In the prediction result fields 662 to 664, the prediction results of the trained models are displayed, respectively. In the prediction result field 662, the prediction result of the central model is displayed. In the prediction result fields 663 and 664, the prediction results of client models generated respectively by different client apparatuses 20 are displayed. In other words, in the prediction result fields 662 to 664, the prediction results of the trained models for the same evaluation data are displayed in a manner that the prediction results can be compared with each other.


When a user selects the limitation display selection field 654, the prediction result display area 656 displays the prediction results relating only to the evaluation data for which the prediction results differ between the trained models. When the user presses the narrow-down button 655, a screen for entering narrowing-down conditions is displayed. When the narrowing-down condition is entered, the prediction results are narrowed down to a prediction result to be displayed in the prediction result display area 656.


As described above, the comparison screen 650 displays the prediction results of the trained models for the same evaluation data are displayed in a manner that the prediction results can be compared with each other. Further, the comparison screen 650 can display the prediction results relating only to the evaluation data for which the prediction results differ between the trained models. By referring to the comparison screen 650, a user can visually recognize the prediction results of the trained models and intuitively understand the outputs of the trained models and the change in behavior for comparison.


Referring again to FIG. 4, in step S10, the model selection unit 205 of the client apparatus 20 selects a trained model to be deployed from the trained models in response to a user's operation performed on the selection screen 600. Subsequently, the model selection unit 205 transmits a signal that requests transmission of the selected trained model to the central apparatus 10.

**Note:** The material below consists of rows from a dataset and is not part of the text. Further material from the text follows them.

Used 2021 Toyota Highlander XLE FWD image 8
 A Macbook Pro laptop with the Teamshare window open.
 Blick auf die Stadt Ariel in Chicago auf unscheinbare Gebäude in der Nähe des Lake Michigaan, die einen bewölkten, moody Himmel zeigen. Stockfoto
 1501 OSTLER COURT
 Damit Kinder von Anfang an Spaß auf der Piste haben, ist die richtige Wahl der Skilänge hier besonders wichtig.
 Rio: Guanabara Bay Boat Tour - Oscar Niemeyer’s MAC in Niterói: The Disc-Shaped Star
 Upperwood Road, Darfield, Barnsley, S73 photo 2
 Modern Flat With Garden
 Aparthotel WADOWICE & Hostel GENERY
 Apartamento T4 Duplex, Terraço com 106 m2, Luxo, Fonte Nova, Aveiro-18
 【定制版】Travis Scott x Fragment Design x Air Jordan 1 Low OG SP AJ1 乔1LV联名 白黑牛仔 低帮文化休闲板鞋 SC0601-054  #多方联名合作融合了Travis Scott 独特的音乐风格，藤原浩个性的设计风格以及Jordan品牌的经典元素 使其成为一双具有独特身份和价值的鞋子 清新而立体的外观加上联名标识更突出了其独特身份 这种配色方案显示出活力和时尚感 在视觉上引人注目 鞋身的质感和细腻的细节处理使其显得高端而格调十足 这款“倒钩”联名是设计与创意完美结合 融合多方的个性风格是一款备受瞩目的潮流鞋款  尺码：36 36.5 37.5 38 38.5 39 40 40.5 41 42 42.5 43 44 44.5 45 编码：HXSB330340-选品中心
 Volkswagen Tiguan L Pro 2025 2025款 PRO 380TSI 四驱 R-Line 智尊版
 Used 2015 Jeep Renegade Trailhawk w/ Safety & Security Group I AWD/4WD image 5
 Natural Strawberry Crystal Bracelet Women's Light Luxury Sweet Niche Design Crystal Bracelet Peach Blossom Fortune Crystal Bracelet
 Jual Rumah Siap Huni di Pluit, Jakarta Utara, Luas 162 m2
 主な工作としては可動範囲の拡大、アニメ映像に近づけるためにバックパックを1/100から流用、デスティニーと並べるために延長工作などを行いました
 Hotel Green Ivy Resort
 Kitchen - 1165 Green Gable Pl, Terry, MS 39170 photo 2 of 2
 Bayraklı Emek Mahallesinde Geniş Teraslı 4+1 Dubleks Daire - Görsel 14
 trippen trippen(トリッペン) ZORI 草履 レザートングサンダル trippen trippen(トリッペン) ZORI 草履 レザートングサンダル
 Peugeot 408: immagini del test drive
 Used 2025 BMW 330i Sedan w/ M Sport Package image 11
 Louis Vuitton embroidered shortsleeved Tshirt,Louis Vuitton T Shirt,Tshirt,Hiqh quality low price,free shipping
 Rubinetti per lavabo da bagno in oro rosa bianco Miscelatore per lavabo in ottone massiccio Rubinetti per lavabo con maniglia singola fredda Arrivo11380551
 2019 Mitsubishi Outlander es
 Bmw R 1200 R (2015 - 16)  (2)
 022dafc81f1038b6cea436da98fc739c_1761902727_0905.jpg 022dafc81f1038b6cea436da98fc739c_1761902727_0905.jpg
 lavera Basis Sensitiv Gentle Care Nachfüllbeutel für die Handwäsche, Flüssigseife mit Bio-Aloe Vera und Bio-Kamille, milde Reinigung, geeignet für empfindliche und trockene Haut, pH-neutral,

In step S11, the model distribution unit 101 of the central apparatus 10 receives the request signal from the client apparatus 20. Subsequently, the model distribution unit 101 reads the trained model indicated by the request signal from the model storage unit 152 of the central storage device 15. Then, the model distribution unit 101 transmits the read trained model to the client apparatus 20.


In step S12, the model application unit 206 of the client apparatus 20 receives the trained model from the central apparatus 10. Subsequently, the model application unit 206 stores the received trained model in the model storage unit 252 of the client storage device 25. The model application unit 206 deploys the received trained model. After deploying the trained model, the model application unit 206 executes a predetermined task or work using the deployed trained model.


The central apparatus 10 according to the present embodiment evaluates each of multiple machine learning models trained with different datasets using an evaluation indicator defined by a user, and outputs screen data for displaying the evaluation indicator relating to each or the machine learning models. The user can compare the performances of the machine learning models on the basis of the evaluation indicator defined by the user. In one aspect, according to the present embodiment, the performance of a machine learning model is evaluated appropriately.


The evaluation indicator may be an indicator relating to the usage of the machine learning model. The evaluation indicator may be an indicator relating to a task or work of the user. In one aspect, according to the present embodiment, a machine learning model suitable for the usage of the machine learning model or the task or work of the user is selected.


The screen data may display a general-purpose evaluation indicator indicating the prediction accuracies of the machine learning models and an evaluation indicator defined by the user in a manner that the two indicators can be compared with each other. In one aspect, according to the present embodiment, a machine learning model is evaluated efficiently in consideration of both a general-purpose evaluation indicator and an evaluation indicator defined by a user.


The central apparatus 10 may output screen data for displaying the prediction results of respective machine learning models for the same data. Such screen data is an example of second screen data. The central apparatus 10 may output screen data for displaying prediction results of only data for which prediction results differ between machine learning models. In one aspect, according to the present embodiment, the performances of machine learning models are efficiently evaluated on the basis of data for which prediction results are different.


The central apparatus 10 may display the prediction results of machine learning models selected by the user. When promising models are determined in advance among multiple machine learning models, it is efficient to compare only those models. Thus, according to the present embodiment, the performances of machine learning models are compared efficiently.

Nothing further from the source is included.